What 343 Industries has changed here is that they’ve added the ability to toggle (three switches throughout the map) an energy shield around the center satellite dish looking structure, allowing players to help out their teammates trapped in that meat grinder crossfire.
These on-map toggles and switches are similar to what we saw in the original Halo 2 on maps like Zanzibar. They don’t necessarily sway the games momentum in one way or the other, but they’re more about changing the strategy used by both teams.
The thought process, from what a 343 contractor told me during an online review play session, was to make it so that newcomers to Halo also get to enjoy the game’s online component and get some (emphasis on some) relief from the more experienced players.
Also making its return, and probably what I was most excited for, was the inclusion of the “TrueSkill” system from Halo 2. This leveling system pits players against others of similar ability and is based on a 50 point system. It’s not the unlimited max-leveling and then restarting found in games like Call of Duty — instead you can actually lose experience and go down in levels in order for the game to find you more competitive opponents and matches.
The first couple of days, like when matchmaking was initially turned on for my review, this system will kind of be all over the place, so be warned. But as more and more games are played, this will eventually place elites with elites and weekend warriors like myself in very different online arenas (thankfully, considering my ego can only take so many Halo ass-kickings).
More notable extras making their way into this collection are Forge and Theater modes. Although these were both already found in Halo 3 and 4, the modes now also include Halo 2: Anniversary. And as far as Theater is concerned, it’s likely to see the most use, especially when taking into consideration the creation tools and socially connected features on the Xbox One.
As a series, Halo is full of cheesy over the top space lore. But it also features some of the most memorable campaign moments and epic battles in modern video game history. For every “Library” level you get a “Silent Cartographer” level and while it can seem inconsistent at times, when it’s on, it’s really on.
I don’t think I need to mull over the game’s multiplayer too much as you should already know what it has done for the genre, and arguably the bigger contribution it’s made to Xbox Live and online console gaming as a whole.
Halo: The Master Chief Collection is the very best of what the series has to offer and it’s all given to the players as one place.

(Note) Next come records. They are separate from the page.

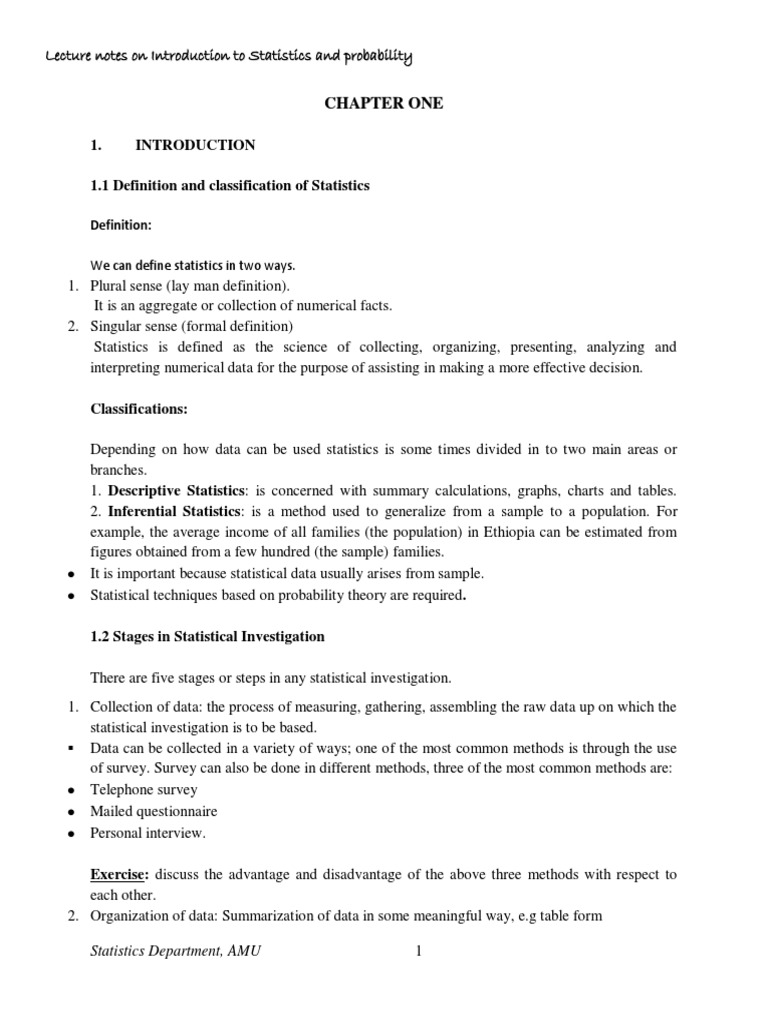 Lec - Not On Statistics and Probability | PDF | Level Of Measurement ...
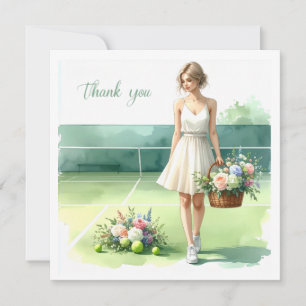 Tennis Dankeskarten mit Spieler und Blumen Dankeskarte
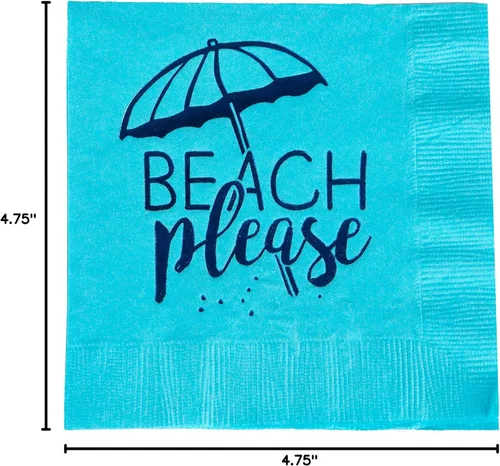 Vista 3 de Funky Junque Declaración decorativa desechable de celebración - 25 Beach Please (Turquoise/Navy)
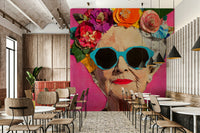 vibrant flower crown on an elderly woman

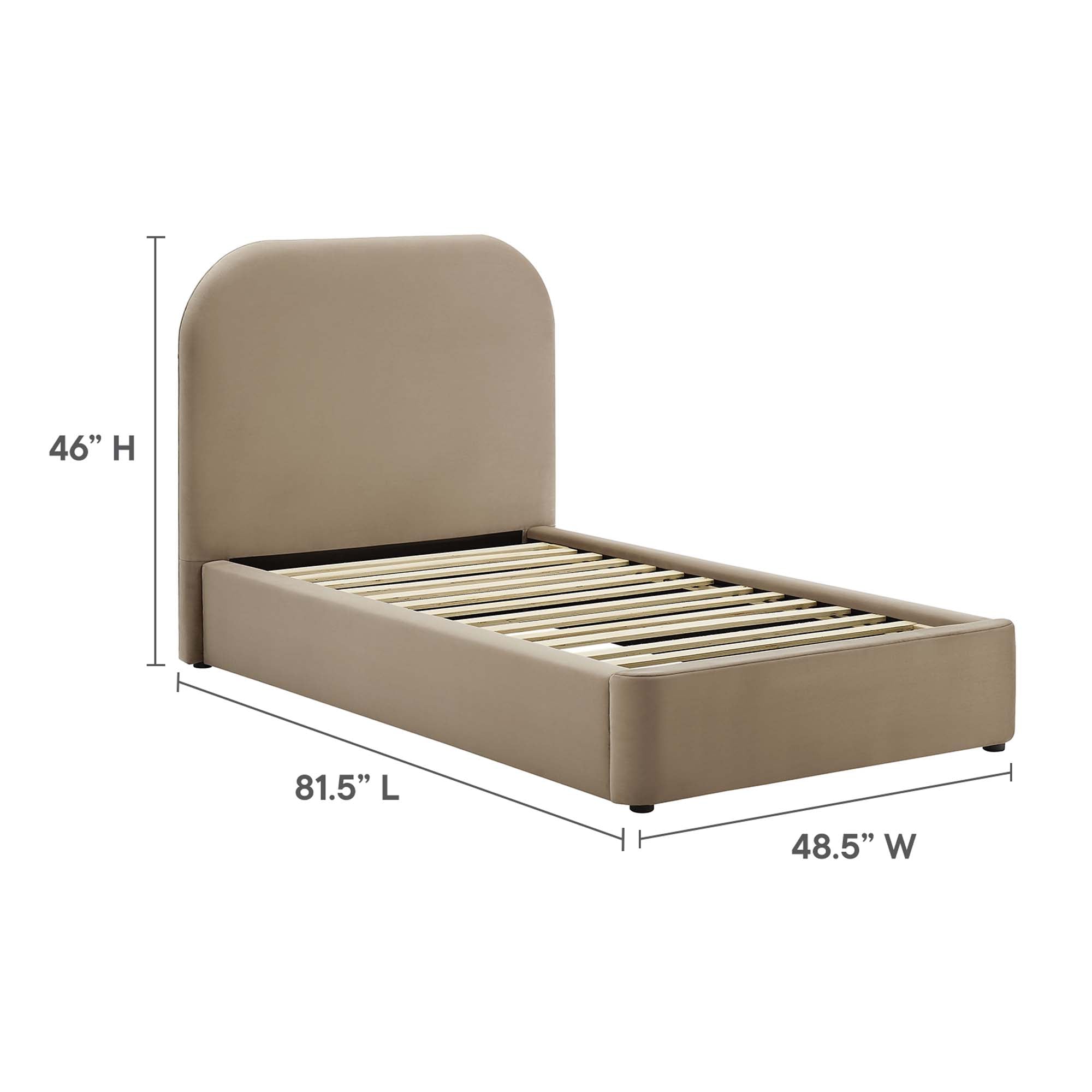 Keynote Performance Velvet Curved Twin Platform Bed by Modway - Best Buy Furniture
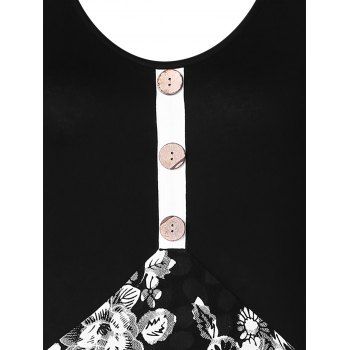 

Plus Size Floral Print Asymmetric Dress, Black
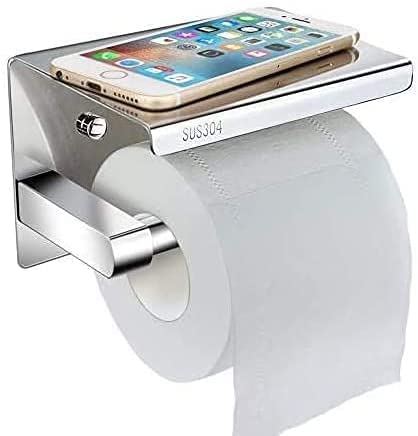 Portarrollos para Papel Higiénico, Telgoner portarrollos baño adhesivo, Acero inoxidable SUS304, Porta Rollos de Papel Higienico con el Teléfono Móvil Estante de Almacenamiento (Plata)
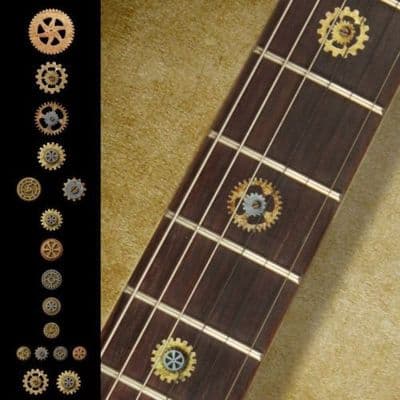 Steampunk Gear Fret Markers Inlay Stickers Decals Guitar & Bass
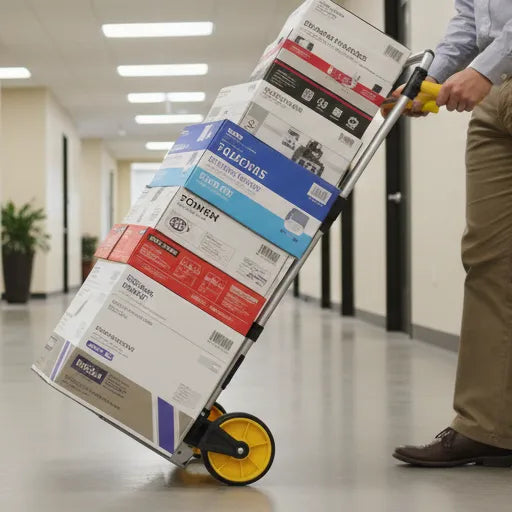 Leeyoung 309LB folding hand truck moving packages and boxes for courier delivery in warehouse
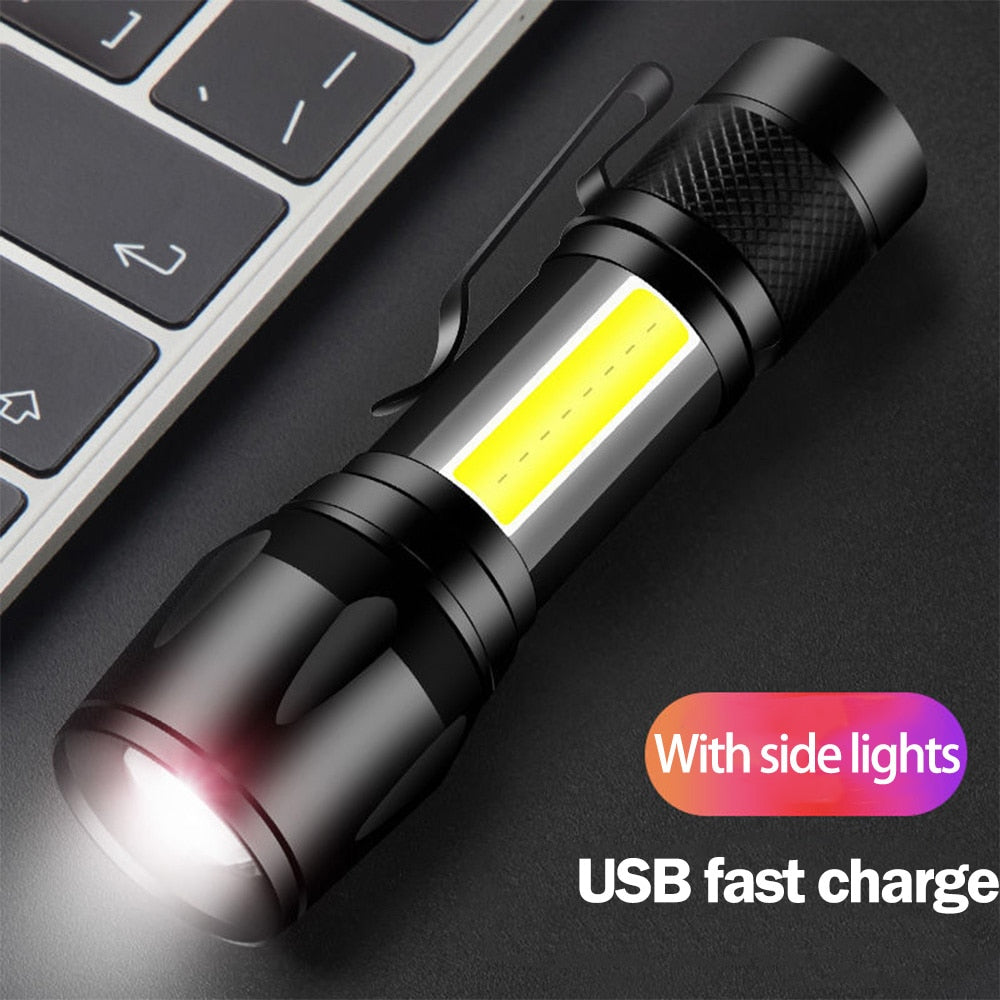 Lampara Táctica Recargable Usb Led 2000l Luz Lateral + Clip Moreka MB-513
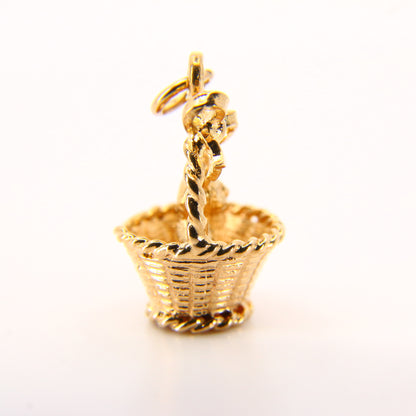 Vintage 9ct Kitten in Basket Charm Hallmarked Solid Yellow Gold Cat Pendant Gift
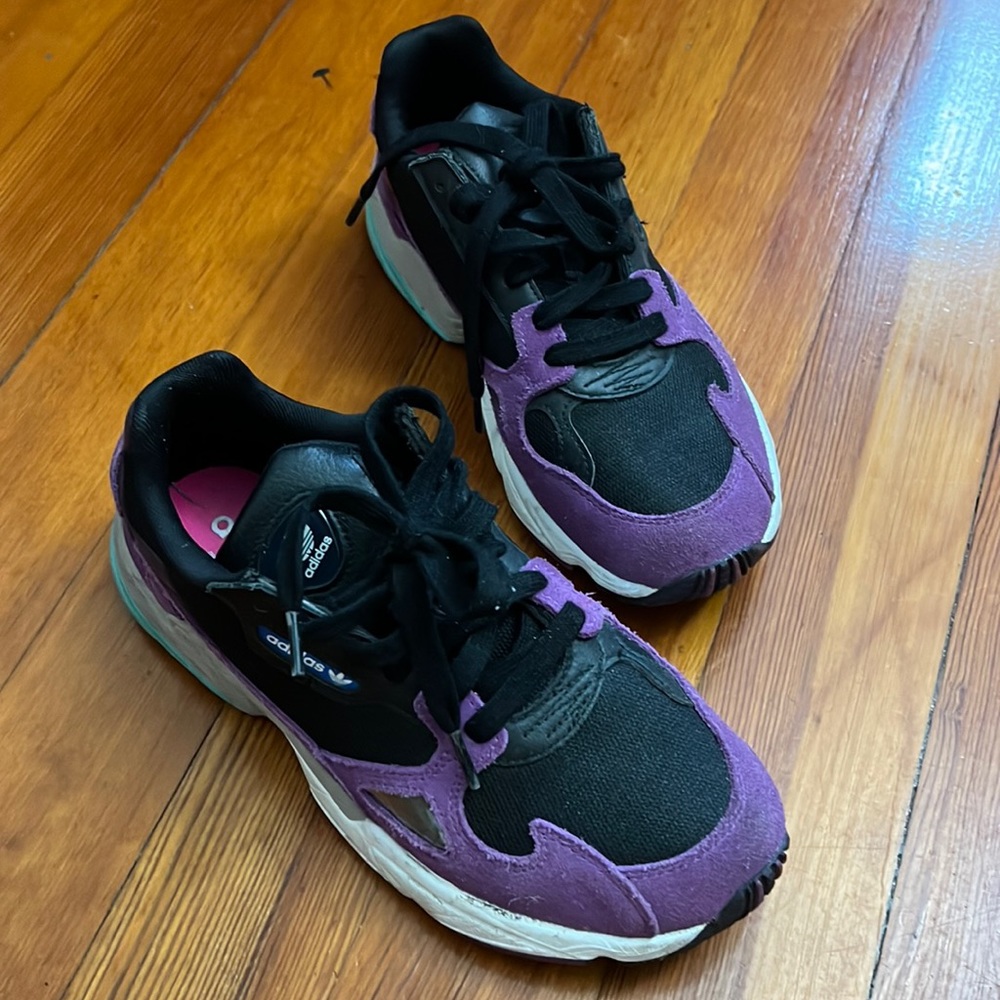 Black and purple falcon adidas shoes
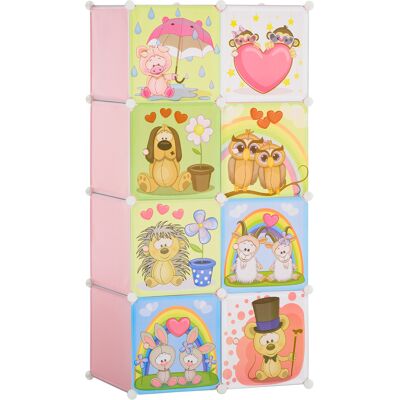 ARRIGONI Meuble Scarpiera Modulaire 6 Cubes En Acier Et Pp 74x47x144 Cm Rose - Publicité ARRIGONI Meuble Scarpiera Modulaire 6 Cubes En Acier Et Pp 74x47x144 Cm Rose - Publicité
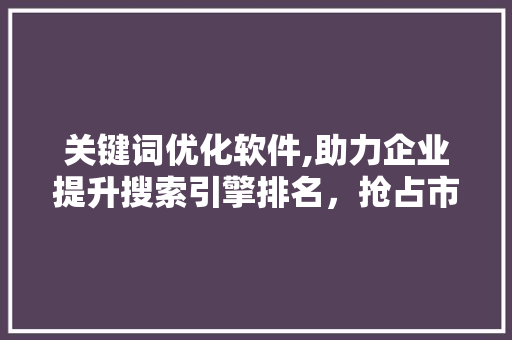 关键词优化软件,助力企业提升搜索引擎排名，抢占市场先机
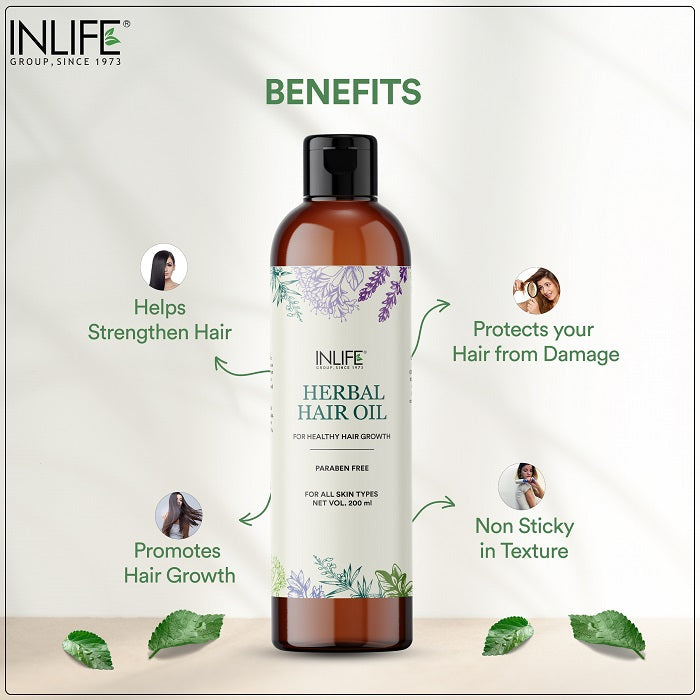 INLIFE Hair Care Combo Pack, Herbal Hair Oil+Hibiscus Shampoo+Advanced Hair Skin Nails Supplement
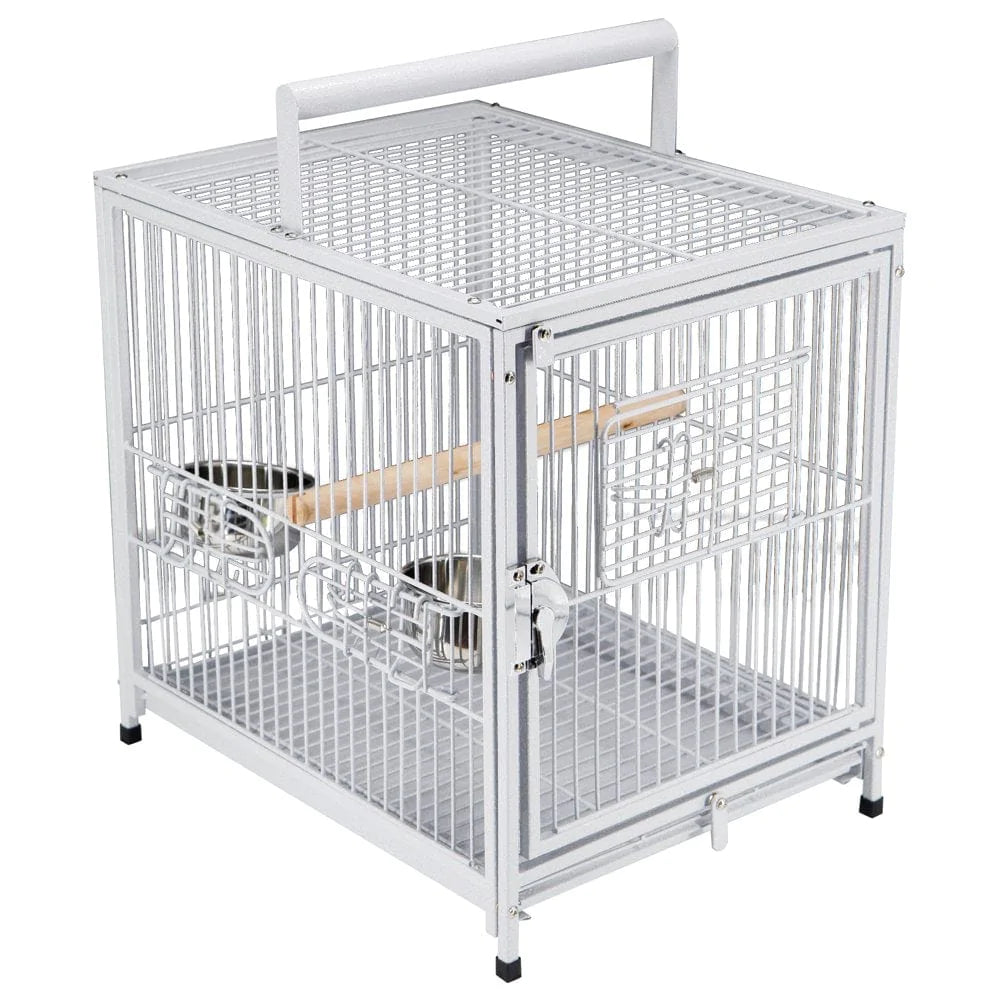 Pawhut 22" Heavy Duty Wrought Iron Travel Bird Cage Carrier with Handle Perch and Accessories - White Animals & Pet Supplies > Pet Supplies > Bird Supplies > Bird Cage Accessories Aosom LLC   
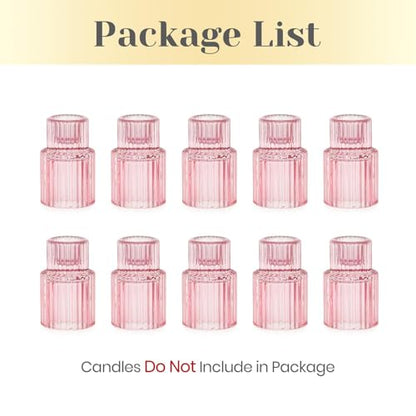 Hewory Glass Pink Candle Holder Bulk, 10PCS Valentines Taper Candle Holders - color: Pink, size: 10PCS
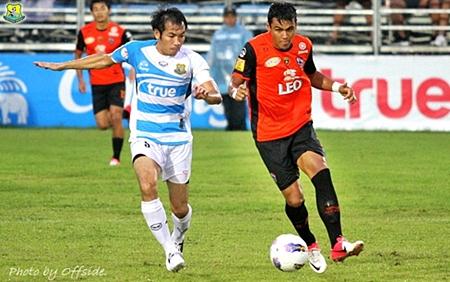 Pattaya United in action against Chaingrai United at the Nongprue Stadium in Pattaya, Saturday, July 28. (Photo/Pattaya United) 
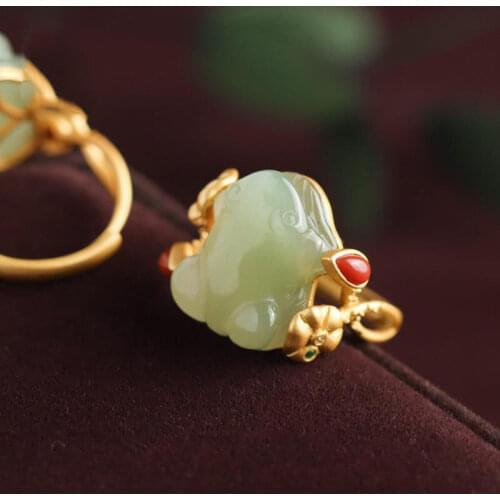 Natural Hetian Jade Green Jade Lucky Frog Ring S925 Sterling Silver Vintage Auspicious Frog South Red Ring Ornament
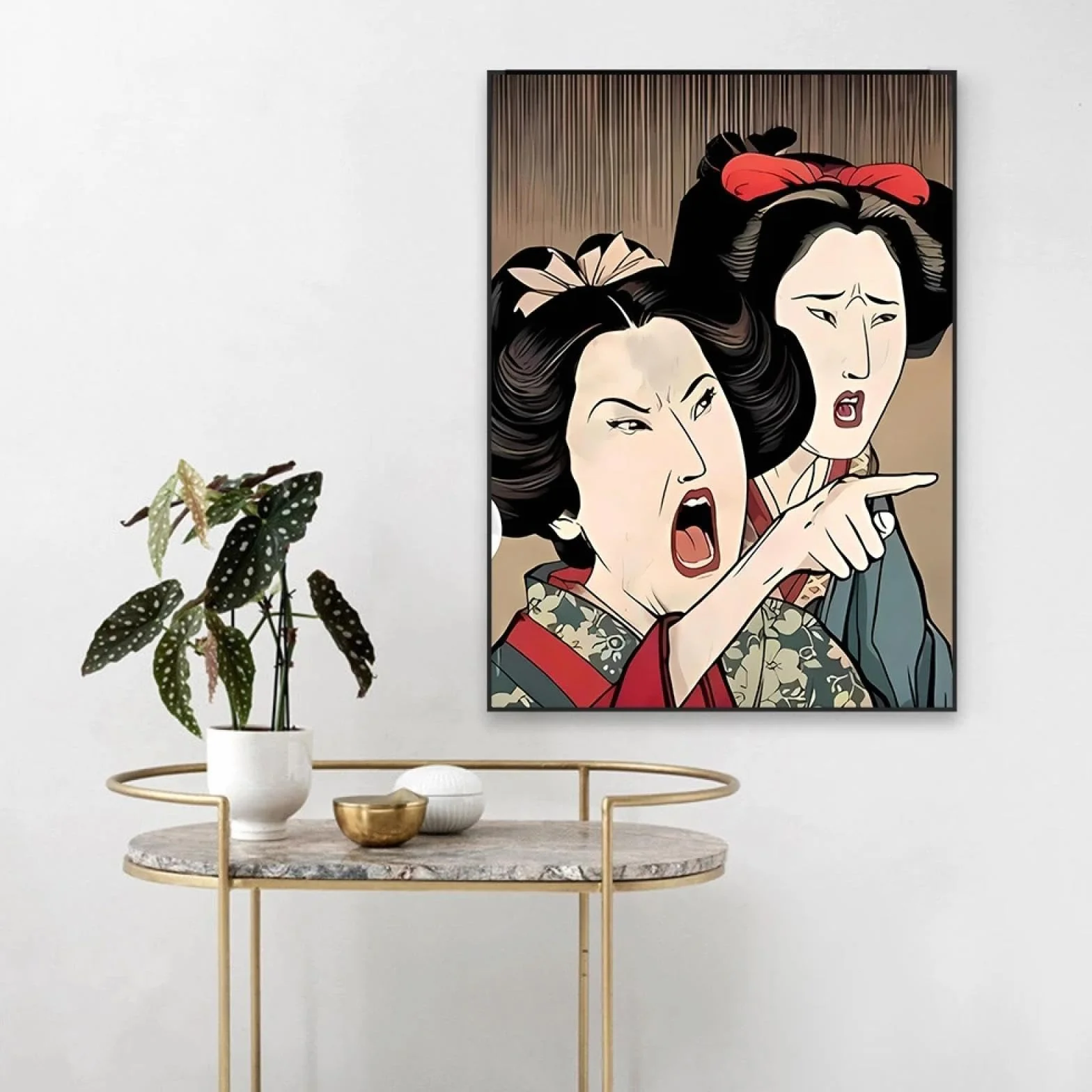 CHAOJIART Zabawny japoński kot sushi sztuka ścienna wydruk plakat nowoczesna sztuka ścienna retro urocze zwierzę sztuka ścienna płótno obraz jadalnia dekoracja 40 x 60 cm (16 x 24 cale) x 2 bez ramy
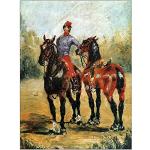 ArtPlaza Toulouse-Lautrec Groom with Two Horses De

Halo 2 could have been easily repackaged and sold as a stand alone. Instead you’re being given the whole farm here, and that price to value ratio you’ll find is simply undeniable.
As mentioned earlier, this is the best fan service (on any console) that I have seen. If you’re feeling nostalgic, the purchase is a no-brainer. If you want a piece of gaming history, same rule applies. Master Chief has returned to Xbox and he’s better than ever.
Full Disclosure: Halo: The Master Chief Collection multiplayer component launched later than originally planned by Microsoft PR for reviewers to test. The first two days of online multiplayer were played during scheduled media review play sessions and live matchmaking servers were not used. Matchmaking was turned on in time for the weekend of 11/7-11/9 and tested for two days. What was played was very stable, but considering the length of time it took to find matches, it can be assumed that not many people were on the servers. If the overall online experiences changes post launch (following a 14 day post-launch patch grace period) we will update this review accordingly. As of this review going live, online play has held up very well.